There was a second of silence. Then she spoke again, fiercely

“Would you suggest something like that to Ian if our positions were reversed?”

“I didn’t suggest it,” I said. “I mentioned it.”

Another pause.

“You’re right,” she said. “I know what I want and what I’m afraid of in myself, and it seems to me so obvious I keep thinking everyone else must know too.”

She stood up.

“Forgive me, Corunna,” she said. “I’ve got no right to burden you with all this.”

“It’s the way the world is,” I said. “People talk to people.”

“And to you, more than most.” She went toward the door to the balcony and paused in it. “Thanks again.”

“I’ve done nothing,” I said.

“Thank you anyway. Good night. Sleep if you can.”

She stepped out through the door; and through the window wall I watched her, very erect, pass to my left until she walked out of my sight beyond the sitting room wall.
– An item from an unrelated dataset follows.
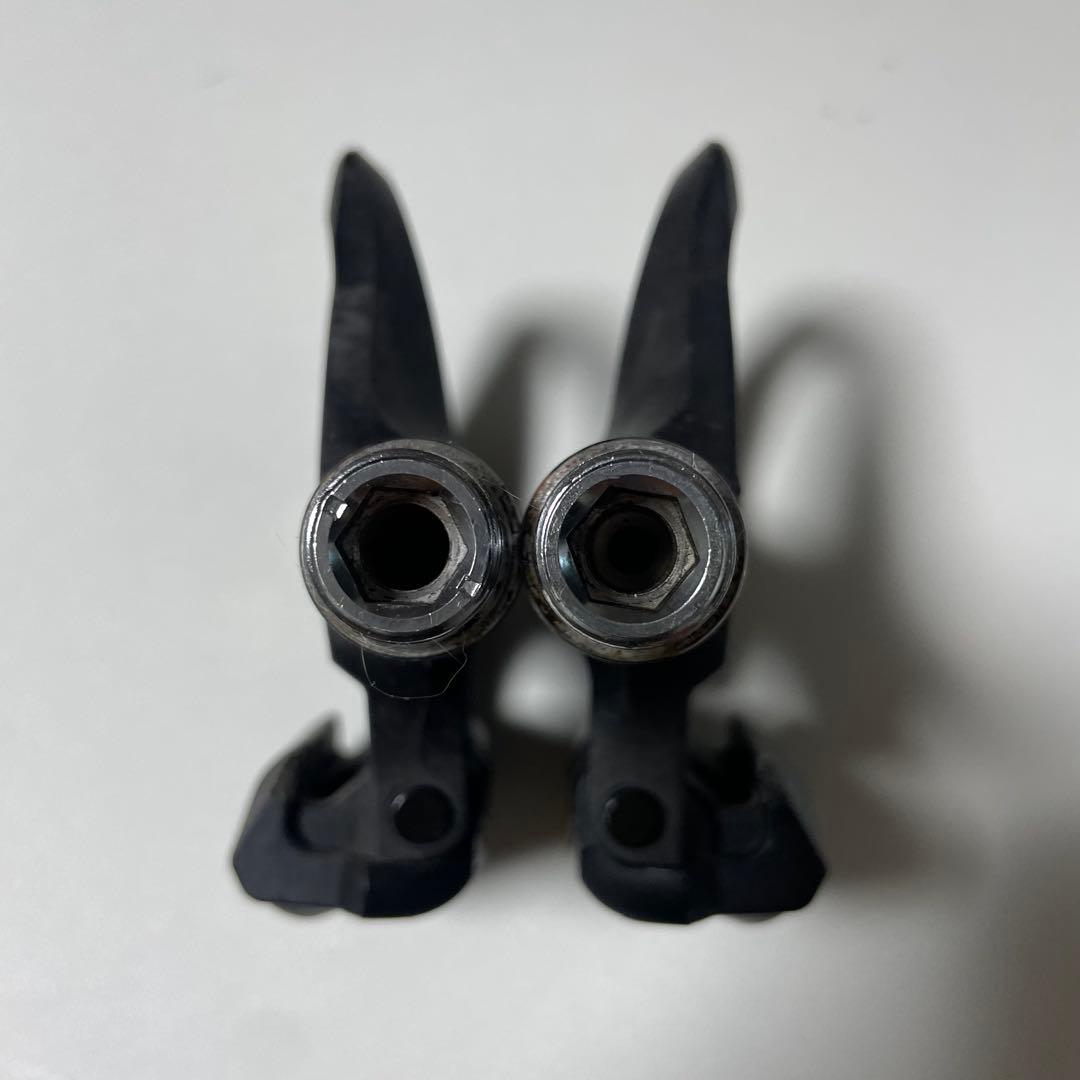 SHIMANO ULTEGRA ビンディングペダル ブラック　中古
I went back to bed, not really expecting to fall asleep again easily. But I dropped off and slept like a log.

When I woke it was morning, and my bedside phone was chiming. I flicked it on and Michael looked at me out of the screen.

“I’m sending a man up with maps of the interior of Gebel Nahar,” he said, “so you can find your way around. Breakfast’s available in the General Staff Lounge, if you’re ready.”

“Thanks,” I told him.

I got up and was ready when the bandsman he had sent arrived, with a small display cube holding the maps. I took it with me and the bandsman showed me to the General Staff Lounge—which, it turned out, was not a lounge for the staff of Gebel Nahar, in gener­al, but one for the military commanders of that estab­lishment. Ian was the only other present when I got there and he was just finishing his meal.

“Sit down,” he said.

I sat.

“I’m going ahead on the assumption that I’ll be de­fending this place in twenty-four hours or so,” he said. “What I’d like you to do is familiarize yourself with its defenses, particularly the first line of walls and its weapons, so that you can either direct the men work­ing them, or take over the general defense, if neces­sary.”

“What have you got in mind for a general defense?”

I asked, as a bandsman came out of the kitchen area to see what I would eat. I told him and he went.